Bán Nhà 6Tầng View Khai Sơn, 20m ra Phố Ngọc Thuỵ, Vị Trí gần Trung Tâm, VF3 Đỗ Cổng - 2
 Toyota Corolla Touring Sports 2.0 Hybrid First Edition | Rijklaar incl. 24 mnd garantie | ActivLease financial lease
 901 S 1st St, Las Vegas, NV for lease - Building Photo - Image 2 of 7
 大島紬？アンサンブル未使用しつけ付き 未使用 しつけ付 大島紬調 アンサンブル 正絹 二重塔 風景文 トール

------------------------------------------------

GOAL OF THE EXERCISE:
Go through the listing and print each line exactly as it appears.

ANSWER BOX:
Bán Nhà 6Tầng View Khai Sơn, 20m ra Phố Ngọc Thuỵ, Vị Trí gần Trung Tâm, VF3 Đỗ Cổng - 2
 Toyota Corolla Touring Sports 2.0 Hybrid First Edition | Rijklaar incl. 24 mnd garantie | ActivLease financial lease
 901 S 1st St, Las Vegas, NV for lease - Building Photo - Image 2 of 7
 大島紬？アンサンブル未使用しつけ付き 未使用 しつけ付 大島紬調 アンサンブル 正絹 二重塔 風景文 トール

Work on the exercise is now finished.